Speaker2: [00:53:00] Nice. Well, I just have like. I think this is like a really good sort of introduction into and I think like a really nice sort of article out of this that sort of like gets conversation going. I’m also wondering if it would be okay if I reached out to you at a later stage?

Speaker1: [00:53:16] Yeah, yeah, yeah, yeah. You know, I’m happy to talk about these things because there are not enough people interested in it.

Speaker2: [00:53:23] Oh, that’s great. Yeah, that’s what I was thinking. I also probably would like to I mean, I’ll have to discuss this with my my team as well in terms of how many experts interviews we want, because it’s mostly about really like sort of like grassroots having people that are into cars start talking about the idea of like the economy and sustainability. But we definitely do want to have some expert voices, of course, to. To build awareness and to have that, you know, an understanding of what’s all involves. So, yeah, if that’s okay with you, I definitely would like to reach out to.

Speaker1: [00:53:58] No problem at all. But yes, it would be very interesting to find out to what extent raise public awareness of this issue.

Speaker2: [00:54:05] So far, my colleague has been going to a lot of car shows in the Bay Area and asking these questions. And so far it was a bit not not I would say not disappointing. Yes, but not.

Speaker1: [00:54:22] Surprising. No, no, no try.

Speaker2: [00:54:25] Yeah. Yeah. So. But people were interested once they found out more about it, to learn a bit more about it. So it wasn’t like. But yet the people who went to the car shows were not necessarily people who are in this sustainability and circular economy circles. So that’s why I definitely would like to have also an event on this topic.
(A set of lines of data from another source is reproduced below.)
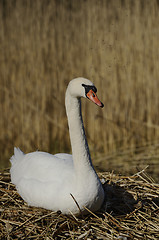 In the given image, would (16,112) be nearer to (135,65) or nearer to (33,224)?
(135,65)

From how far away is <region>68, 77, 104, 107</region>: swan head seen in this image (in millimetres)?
2148

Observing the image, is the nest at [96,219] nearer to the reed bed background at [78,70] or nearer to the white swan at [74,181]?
the white swan at [74,181]

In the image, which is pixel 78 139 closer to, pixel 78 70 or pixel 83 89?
pixel 83 89

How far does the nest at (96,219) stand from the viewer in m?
2.29

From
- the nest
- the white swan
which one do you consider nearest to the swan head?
the white swan

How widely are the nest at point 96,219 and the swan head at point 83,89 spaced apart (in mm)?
689

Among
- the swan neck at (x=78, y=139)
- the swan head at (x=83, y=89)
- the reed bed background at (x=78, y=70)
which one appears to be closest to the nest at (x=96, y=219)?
the swan neck at (x=78, y=139)

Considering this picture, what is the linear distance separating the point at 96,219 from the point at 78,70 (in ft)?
7.74

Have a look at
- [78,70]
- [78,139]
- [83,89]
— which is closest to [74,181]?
[78,139]

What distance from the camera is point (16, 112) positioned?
180 inches

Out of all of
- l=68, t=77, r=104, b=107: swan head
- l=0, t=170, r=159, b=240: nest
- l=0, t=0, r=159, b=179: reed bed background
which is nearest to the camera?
l=68, t=77, r=104, b=107: swan head

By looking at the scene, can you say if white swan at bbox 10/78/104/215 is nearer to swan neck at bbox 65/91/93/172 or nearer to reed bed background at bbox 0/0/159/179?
swan neck at bbox 65/91/93/172

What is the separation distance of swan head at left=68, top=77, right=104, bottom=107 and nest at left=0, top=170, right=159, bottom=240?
0.69 meters

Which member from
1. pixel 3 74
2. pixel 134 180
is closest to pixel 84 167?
pixel 134 180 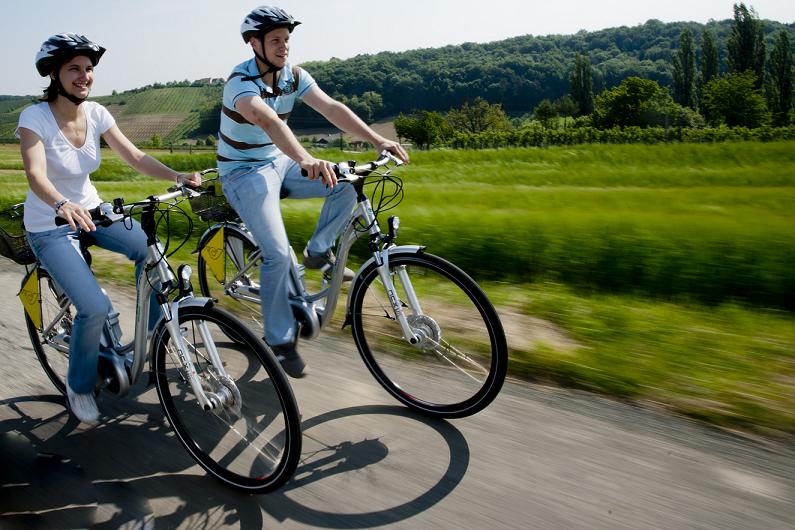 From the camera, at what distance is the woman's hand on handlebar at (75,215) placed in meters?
2.96

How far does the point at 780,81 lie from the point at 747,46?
6.54 meters

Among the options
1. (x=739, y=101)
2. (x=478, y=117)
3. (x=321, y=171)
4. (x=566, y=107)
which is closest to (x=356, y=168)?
(x=321, y=171)

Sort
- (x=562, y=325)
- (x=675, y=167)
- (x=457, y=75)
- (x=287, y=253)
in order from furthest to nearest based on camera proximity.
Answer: (x=457, y=75)
(x=675, y=167)
(x=562, y=325)
(x=287, y=253)

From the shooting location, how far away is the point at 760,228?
789 centimetres

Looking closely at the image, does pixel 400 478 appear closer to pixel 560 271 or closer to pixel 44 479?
pixel 44 479

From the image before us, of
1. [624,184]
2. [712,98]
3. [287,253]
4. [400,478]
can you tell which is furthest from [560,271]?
[712,98]

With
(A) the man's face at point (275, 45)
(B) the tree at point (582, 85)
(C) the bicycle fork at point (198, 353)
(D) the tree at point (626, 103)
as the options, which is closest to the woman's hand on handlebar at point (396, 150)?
(A) the man's face at point (275, 45)

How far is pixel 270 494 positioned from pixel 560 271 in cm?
498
Speaker1: [00:54:44] I think. I think that’s that’s again, where I think the work that Peter and I did was interesting because both Peter and I are also environmentalists. Yeah, but also when you go around the car world, you do find that actually far more people who are environmentally aware in the industry and in the organisations around the industry than you might think. Yeah. Probably more than among ordinary users. Now, there are some countries, as you may be aware, that are actively promoting the closed loop thing, like Sweden, for example. So it would be interesting to find out if in Sweden there is more sort of consumer awareness of this issue among car owners, car users. And Sweden also has a has a thriving classic car community.
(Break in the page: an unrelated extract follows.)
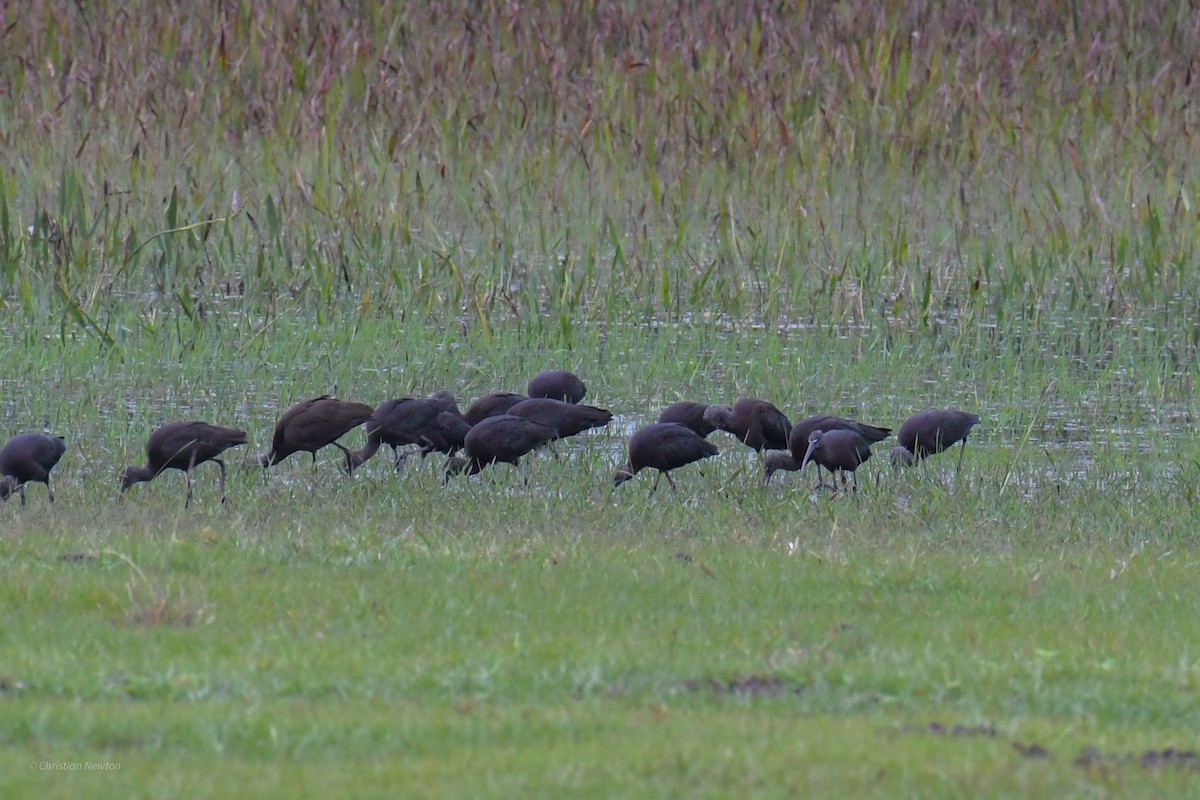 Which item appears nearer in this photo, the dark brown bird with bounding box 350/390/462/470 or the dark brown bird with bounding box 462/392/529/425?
the dark brown bird with bounding box 350/390/462/470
Speaker2: [00:55:30] Although Tesla is also very popular in Sweden and the Scandinavian.

Speaker1: [00:55:35] In Norway, in particular in Norway. So yeah, it would be interesting to do all three Scandinavian countries if you have the resources.

Speaker2: [00:55:45] It’s a small project that we’re having. It is a two year project, but the budget we’re having is it’s not massive unfortunately. But this is definitely we have some people in Sweden, so we can send some people out on the streets.

Speaker1: [00:55:56] Like this is I think if you’re networked properly, you can send people locally to do things. That’s how we’ve often worked as well. Yeah, yeah, yeah.